AI that does something useful — not a chatbot in a top hat.
You don't need another ChatGPT subscription. You need AI that handles the specific stuff eating your week — drafting quotes, answering the same customer question for the 40th time today, summarizing a client's history before you pick up the phone. Built into the tools you already use, grounded in your data, priced so the math actually works. From $500.
Is AI actually worth it for your business?
Real talk, up front.
AI probably earns its keep if…
- You're doing the same task over and over — drafting quotes, replying to the same question, sorting invoices — and it's eating hours every week.
- You have a pile of data (orders, tickets, emails, PDFs, call notes) that nobody has time to read, but there are answers buried in it.

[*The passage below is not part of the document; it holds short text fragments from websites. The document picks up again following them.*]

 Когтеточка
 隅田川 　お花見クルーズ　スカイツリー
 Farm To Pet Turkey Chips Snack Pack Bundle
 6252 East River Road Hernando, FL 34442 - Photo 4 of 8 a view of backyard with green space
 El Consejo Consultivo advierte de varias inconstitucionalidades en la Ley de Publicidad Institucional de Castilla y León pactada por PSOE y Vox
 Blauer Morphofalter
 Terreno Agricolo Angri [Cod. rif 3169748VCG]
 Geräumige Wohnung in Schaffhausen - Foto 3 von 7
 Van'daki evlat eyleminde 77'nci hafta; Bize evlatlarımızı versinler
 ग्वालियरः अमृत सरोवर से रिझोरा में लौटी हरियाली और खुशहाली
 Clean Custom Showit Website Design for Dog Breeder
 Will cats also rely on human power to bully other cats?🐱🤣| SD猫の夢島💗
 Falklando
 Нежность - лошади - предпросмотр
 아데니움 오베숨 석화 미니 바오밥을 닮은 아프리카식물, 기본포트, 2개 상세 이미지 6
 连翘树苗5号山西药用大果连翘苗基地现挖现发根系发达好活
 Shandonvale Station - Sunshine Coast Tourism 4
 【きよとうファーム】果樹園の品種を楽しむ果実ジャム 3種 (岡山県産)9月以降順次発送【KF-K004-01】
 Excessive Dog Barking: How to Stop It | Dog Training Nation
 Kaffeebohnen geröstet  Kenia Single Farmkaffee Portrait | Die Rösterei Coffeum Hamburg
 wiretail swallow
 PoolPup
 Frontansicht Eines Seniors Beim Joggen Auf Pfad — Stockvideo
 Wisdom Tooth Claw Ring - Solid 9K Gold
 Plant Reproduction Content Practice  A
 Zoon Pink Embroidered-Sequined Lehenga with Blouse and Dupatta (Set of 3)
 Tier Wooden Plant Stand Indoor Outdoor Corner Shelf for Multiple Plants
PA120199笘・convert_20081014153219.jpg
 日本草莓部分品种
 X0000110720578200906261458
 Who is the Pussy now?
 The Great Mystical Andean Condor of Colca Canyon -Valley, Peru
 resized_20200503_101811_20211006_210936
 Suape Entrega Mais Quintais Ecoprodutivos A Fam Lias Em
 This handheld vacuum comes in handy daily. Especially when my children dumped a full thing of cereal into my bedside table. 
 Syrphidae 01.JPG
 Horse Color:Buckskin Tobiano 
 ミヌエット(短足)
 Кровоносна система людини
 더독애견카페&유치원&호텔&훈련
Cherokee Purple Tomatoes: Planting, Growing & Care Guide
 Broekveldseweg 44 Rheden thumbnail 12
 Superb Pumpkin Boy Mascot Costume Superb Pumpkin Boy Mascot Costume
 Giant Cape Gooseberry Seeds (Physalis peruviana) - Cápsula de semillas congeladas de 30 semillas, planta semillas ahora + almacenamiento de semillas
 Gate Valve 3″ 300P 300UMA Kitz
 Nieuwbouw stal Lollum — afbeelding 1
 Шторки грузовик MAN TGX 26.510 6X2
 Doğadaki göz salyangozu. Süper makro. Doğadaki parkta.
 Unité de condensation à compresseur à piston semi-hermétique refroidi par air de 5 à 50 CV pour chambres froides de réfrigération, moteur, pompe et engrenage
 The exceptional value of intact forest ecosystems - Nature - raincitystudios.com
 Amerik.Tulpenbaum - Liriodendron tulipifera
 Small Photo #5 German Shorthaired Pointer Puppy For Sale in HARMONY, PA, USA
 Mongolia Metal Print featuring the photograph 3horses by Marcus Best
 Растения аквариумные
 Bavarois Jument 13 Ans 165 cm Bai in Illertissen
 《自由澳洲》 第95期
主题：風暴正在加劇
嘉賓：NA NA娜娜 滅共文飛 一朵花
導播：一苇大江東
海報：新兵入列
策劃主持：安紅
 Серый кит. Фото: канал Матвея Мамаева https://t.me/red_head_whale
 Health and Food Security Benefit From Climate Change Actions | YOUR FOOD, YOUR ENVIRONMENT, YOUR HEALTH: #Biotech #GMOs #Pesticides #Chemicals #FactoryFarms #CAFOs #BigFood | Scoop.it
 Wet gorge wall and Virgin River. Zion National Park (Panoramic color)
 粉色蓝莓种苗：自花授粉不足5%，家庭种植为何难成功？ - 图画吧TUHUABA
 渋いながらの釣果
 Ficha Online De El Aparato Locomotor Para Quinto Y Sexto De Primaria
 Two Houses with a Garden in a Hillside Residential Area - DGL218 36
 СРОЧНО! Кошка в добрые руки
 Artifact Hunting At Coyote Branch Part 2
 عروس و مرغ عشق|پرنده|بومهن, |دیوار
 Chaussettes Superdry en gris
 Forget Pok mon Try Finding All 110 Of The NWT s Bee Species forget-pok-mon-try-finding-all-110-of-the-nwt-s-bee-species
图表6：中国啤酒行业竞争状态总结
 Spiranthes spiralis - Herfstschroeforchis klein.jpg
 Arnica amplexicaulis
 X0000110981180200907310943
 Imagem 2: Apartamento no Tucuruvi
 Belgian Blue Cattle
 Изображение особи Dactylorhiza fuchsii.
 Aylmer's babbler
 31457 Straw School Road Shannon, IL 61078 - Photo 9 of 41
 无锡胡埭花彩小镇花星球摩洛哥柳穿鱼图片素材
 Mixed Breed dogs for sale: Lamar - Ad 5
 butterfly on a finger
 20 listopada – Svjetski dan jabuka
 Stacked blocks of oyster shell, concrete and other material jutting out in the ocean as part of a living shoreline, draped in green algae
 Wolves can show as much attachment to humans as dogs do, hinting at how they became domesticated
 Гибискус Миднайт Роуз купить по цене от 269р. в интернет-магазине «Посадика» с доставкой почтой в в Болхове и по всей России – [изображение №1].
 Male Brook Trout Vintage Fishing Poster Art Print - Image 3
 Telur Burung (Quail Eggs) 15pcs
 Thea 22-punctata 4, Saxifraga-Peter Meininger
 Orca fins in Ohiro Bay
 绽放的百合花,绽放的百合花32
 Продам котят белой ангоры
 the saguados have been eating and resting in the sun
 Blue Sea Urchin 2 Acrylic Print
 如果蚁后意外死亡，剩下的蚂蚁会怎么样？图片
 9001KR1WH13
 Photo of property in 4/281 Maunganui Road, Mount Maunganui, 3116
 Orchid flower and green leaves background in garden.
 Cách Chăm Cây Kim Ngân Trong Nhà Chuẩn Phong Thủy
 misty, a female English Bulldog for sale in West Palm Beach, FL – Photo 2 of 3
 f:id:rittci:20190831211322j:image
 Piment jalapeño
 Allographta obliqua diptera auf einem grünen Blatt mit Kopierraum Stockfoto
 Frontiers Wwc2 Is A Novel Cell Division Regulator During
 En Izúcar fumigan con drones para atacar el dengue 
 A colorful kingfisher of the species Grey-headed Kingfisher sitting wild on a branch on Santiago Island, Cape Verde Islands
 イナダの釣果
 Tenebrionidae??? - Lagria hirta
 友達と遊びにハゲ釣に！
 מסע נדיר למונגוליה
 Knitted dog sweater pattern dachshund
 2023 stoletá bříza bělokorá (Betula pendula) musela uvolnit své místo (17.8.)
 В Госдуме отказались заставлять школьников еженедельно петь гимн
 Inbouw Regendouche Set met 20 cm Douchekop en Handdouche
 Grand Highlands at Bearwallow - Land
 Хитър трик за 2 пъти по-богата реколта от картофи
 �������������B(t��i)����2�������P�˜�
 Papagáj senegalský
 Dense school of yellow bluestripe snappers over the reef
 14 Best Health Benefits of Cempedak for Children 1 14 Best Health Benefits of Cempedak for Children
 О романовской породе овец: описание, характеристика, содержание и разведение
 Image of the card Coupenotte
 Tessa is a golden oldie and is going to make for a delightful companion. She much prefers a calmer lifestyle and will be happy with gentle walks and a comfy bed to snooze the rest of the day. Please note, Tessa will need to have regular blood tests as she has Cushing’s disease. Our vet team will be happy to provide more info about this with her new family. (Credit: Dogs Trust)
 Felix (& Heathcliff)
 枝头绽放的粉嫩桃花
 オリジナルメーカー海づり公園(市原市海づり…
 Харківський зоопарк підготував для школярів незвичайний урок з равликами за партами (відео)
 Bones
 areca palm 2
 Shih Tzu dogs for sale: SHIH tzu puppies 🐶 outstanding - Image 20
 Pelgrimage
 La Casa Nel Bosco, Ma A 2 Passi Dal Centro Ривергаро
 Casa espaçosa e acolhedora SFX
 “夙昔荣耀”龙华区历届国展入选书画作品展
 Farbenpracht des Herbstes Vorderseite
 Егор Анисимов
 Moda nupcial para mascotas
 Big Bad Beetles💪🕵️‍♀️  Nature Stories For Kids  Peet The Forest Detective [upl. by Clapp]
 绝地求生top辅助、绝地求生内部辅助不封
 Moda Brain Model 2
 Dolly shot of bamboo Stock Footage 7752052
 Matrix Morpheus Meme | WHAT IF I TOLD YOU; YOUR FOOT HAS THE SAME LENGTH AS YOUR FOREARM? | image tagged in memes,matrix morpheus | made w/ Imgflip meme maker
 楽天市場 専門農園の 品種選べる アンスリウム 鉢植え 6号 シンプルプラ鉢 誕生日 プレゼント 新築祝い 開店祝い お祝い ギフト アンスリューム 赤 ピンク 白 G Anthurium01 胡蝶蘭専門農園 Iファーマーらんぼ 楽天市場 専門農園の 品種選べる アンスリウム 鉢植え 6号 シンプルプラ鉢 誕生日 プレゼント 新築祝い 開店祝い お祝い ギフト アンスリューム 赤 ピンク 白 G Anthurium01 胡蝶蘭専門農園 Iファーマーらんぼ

- Your team fields the same 10 questions from customers every day, and your website could answer them if it knew how.
- You want to take on more work without hiring another person to handle the admin that comes with it.
- You've played with ChatGPT yourself and thought "there's got to be a way to wire this into my actual business, not a separate browser tab."
Probably hold off if…
- The real problem is you don't have the data yet. AI grounded in nothing is a hallucination machine — fix the data first, then we talk.
- You want "an AI" but you can't point to a specific task it would do. Come back with one real thing on your plate and we'll build one good answer to it.
- Your team already has the process solved in a spreadsheet and it works fine. Save your money — I'll tell you on the call.
- You're chasing AI because it's trendy. Customers don't care what's under the hood — they care whether you pick up the phone.
If you're not sure which side you land on, that's exactly what the free call is for.
What every AI feature I build gets by default.
Not upsells. How I keep AI honest.
- Grounded in your actual data
- Cost tracked from day one
- Answers in under 3 seconds
- You can see what it's doing
- Backup plan when it breaks
- Human approval for the risky stuff
- You own the prompts and data
How I actually build AI features.
Picked per task. Embedded where the work already happens. Measured before it earns a promotion.
Right tool for the task
Claude for the thinking-heavy stuff, OpenAI for fast classification and extraction, smaller cheaper models for the high-volume grunt work. Mixed and matched, not married to one vendor — so when a better model drops next month, you upgrade with a config change, not a rewrite.
It reads your stuff before it answers
The AI pulls from your docs, PDFs, orders, past customer emails — whatever's relevant — and cites its sources. That's most of the difference between "useful" and "embarrassing." No more made-up prices, made-up policies, or made-up last names.
Tested before it ships
Before anything goes live, I run it against 30–100 real examples from your actual business and score it. Accuracy, cost-per-answer, how often it refuses. If the numbers don't clear the bar, we tune it or call it — you don't pay for production code that fails the test.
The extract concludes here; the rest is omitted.